Spolia est un recueil de photographies des Carpates méridionales, la région natale du sculpteur roumain Constantin Brancusi (1876-1957). Ce recueil suit le cours du Jiu entre Petrosani, où la Colonne sans fin fût fabriquée en 1937, et Târgu Jiu, où elle fut érigée en 1938 (les deux villes sont distantes de cinquante kilomètres). Seule œuvre construite par Brancusi dans l’espace public, l’ensemble monumental de Târgu Jiu comprend trois éléments : la Table du silence, la Porte du baiser et la Colonne sans fin.
Avec Spolia, Gilles Saussier poursuit son interrogation croisée de l’histoire contemporaine de la Roumanie et de la sculpture moderne, de Brancusi au minimalisme. Il part de faits réels enfouis et d’éléments d’enquêtes de terrain, comme la découverte d’un clone de la Colonne sans fin fabriqué en 2001 dans les Ateliers centraux des mines de Petrosani (ACP) où l’oeuvre originale avait été fondue.

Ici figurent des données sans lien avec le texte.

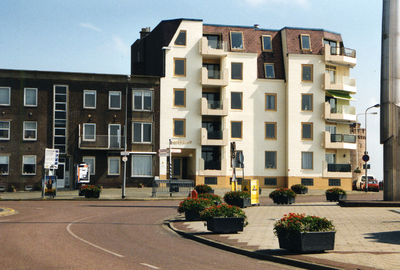 40243 Appartementencomplex Naerebout bovenaan de oprit Coosje Buskenstraat, hoek Boulevard de Ruyter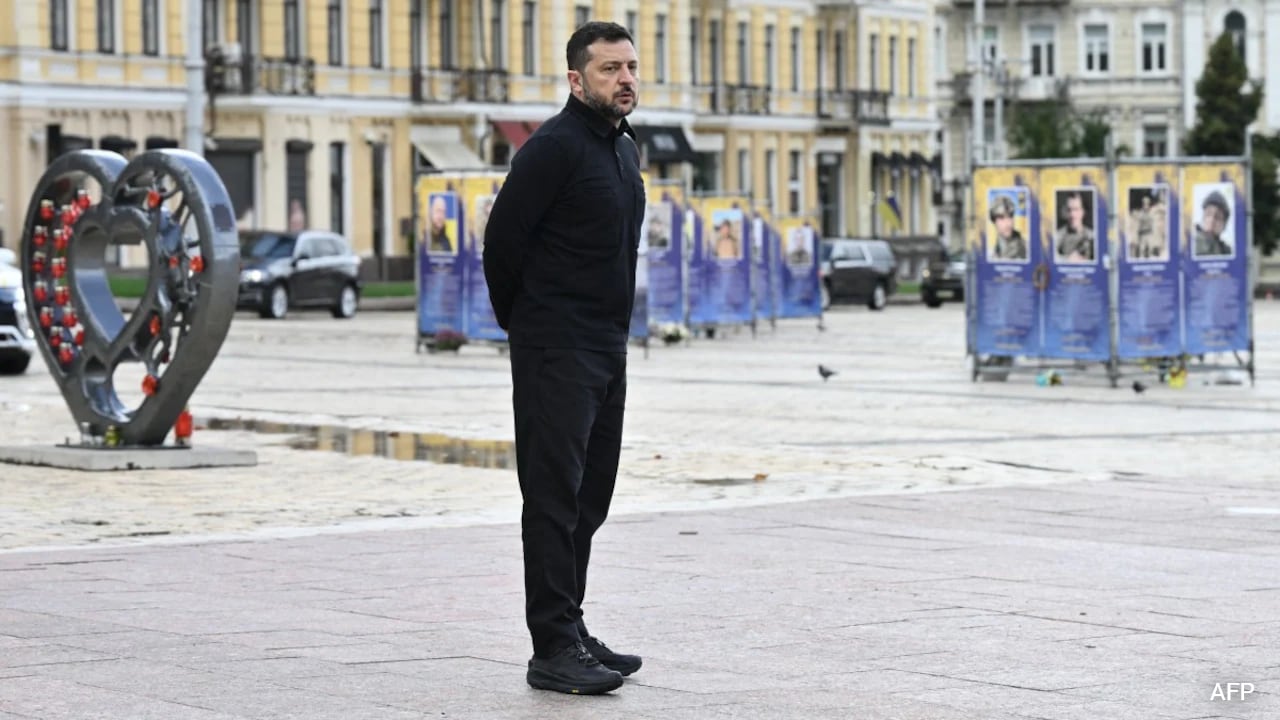 Zelensky Says Ukraine Ready For "De-Escalatory Steps"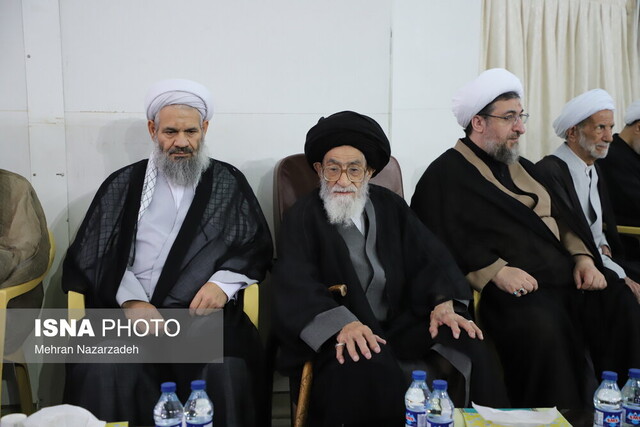 مردم با مشارکت در انتخابات دشمنان انقلاب را انگشت به دهان بگذارند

Ce site industriel - où 4000 ouvriers travaillaient jusqu’à la révolution de 1989 contre moins d’une centaine aujourd’hui - permet d’évoquer tout à la fois la reproductibilité de la Colonne sans fin, le rôle du bureau d’étude de l’usine ayant abouti à arrêter sa hauteur à moins de la moitié de celle souhaitée initialement par Brancusi (29,33 mètres au lieu de 60 mètres) et la disparition de savoir-faire dont l’intégrité n’avait souvent rien à envier au travail artistique. Si le clone de la colonne demeuré gisant dans l’usine comme à l’intérieur d’une chambre noire, appartient à la catégorie des ruines à l’envers, l’original érigé à Târgu-Jiu est peut être le monument à posteriori de la fin du travail industriel. Fin du travail dont la concomitance des débuts du stakhanovisme (1935) et de la fabrication de la Colonne sans fin (1937) sonnait déjà comme le prélude.
Prolongeant les séries du Tableau de chasse (2010), les photographies de Spolia révèlent un arrière-pays roumain de Brancusi dans lequel émergent plusieurs entités :
• Le monde du métal dans l’usine des Ateliers centraux des mines de Petrosani (ACP), où fut fabriquée la Colonne sans fin en 1937, ainsi que son clone en 2001.
• Le monde du charbon dans la ville voisine de Petrila, dont le puits minier s’enfonce de près d’un kilomètre sous terre, comme le négatif inversé de la Colonne sans fin.
• Le monde de la pierre au fil du Jiu et de la ligne de chemin de fer Bumbesti - Livezeni qui fut le grand chantier patriotique et monumental de la Roumanie communiste (1948).
• Le monde du bois et l’architecture vernaculaire dans les campagnes proches de Târgu-Jiu et du village natal de Brancusi, Hobita, au pied des Carpates.
Gilles Saussier transforme son parcours dans chacune de ces entités en la visite de l’atelier d’un sculpteur dont l’activité serait à l’égale du Jiu et de ses méandres qui forment la colonne liquide de cet arrière-pays de Brancusi.
Ces entités sont également des monades d’où méditer sur les prolongements de la révolution roumaine : minériades pendant lesquelles les mineurs de la vallée du Jiu marchèrent sur Bucarest pour s’attaquer aux forces démocratiques (1990-1991), ruine et fermeture des sites miniers et industriels depuis 1997, décadence des figures populaires de l’aristocratie ouvrière (mineurs, métallos, cheminots).
Au partage abusif du monde entre le réel et la fiction, Spolia oppose la quête d’une essence cachée des êtres et des choses chère à Constantin Brancusi. Un en-deçà du réel que l’œil désenfouit et libère par la taille directe dans le matériau documentaire. Spolia signifie en roumain le soi des choses.